What the Dog Saw
By Malcom Gladwell
The best part about Malcolm Gladwell is the fact that he thinks up questions no one else does. Questions like: why is there only one kind of ketchup when there are dozens of kinds of mustard? What is the difference between a puzzle and a mystery? What if Enron’s trouble wasn’t a lack of disclosure so much as too much information? What actually goes into profiling a criminal? All these questions are examined, if not necessarily answered, in What the Dog Saw.

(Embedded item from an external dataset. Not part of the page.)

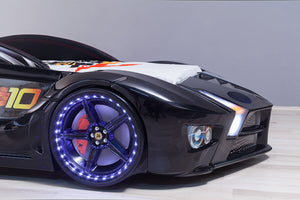 Luxuriöses Premium-Autobett mit LED-Beleuchtung und Lautsprechern, 90 x 190 cm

This volume is a collection of essays Gladwell wrote for The New Yorker over the years. As such, there is only a loose cohesion between the chapters. The main problem with this is Gladwell could not go as deep into any given subject as I would have liked. He clearly goes to the trouble of researching his subjects very thoroughly, and it would have been cool to read more of his findings.
In publishing a collection of shorter works, Gladwell highlights his writing capabilities. I love Gladwell’s turn of phrase. He has a prodigious vocabulary and makes excellent use of it. In reading his work, it feels like his entire goal is to get you to question the things around you. Often in these essays, he doesn’t give you a solution or answer to the problems that he poses. I find that highly useful, as it encourages me to think more for myself.
I would recommend anyone read this book. It’s fun, entertaining and thought provoking.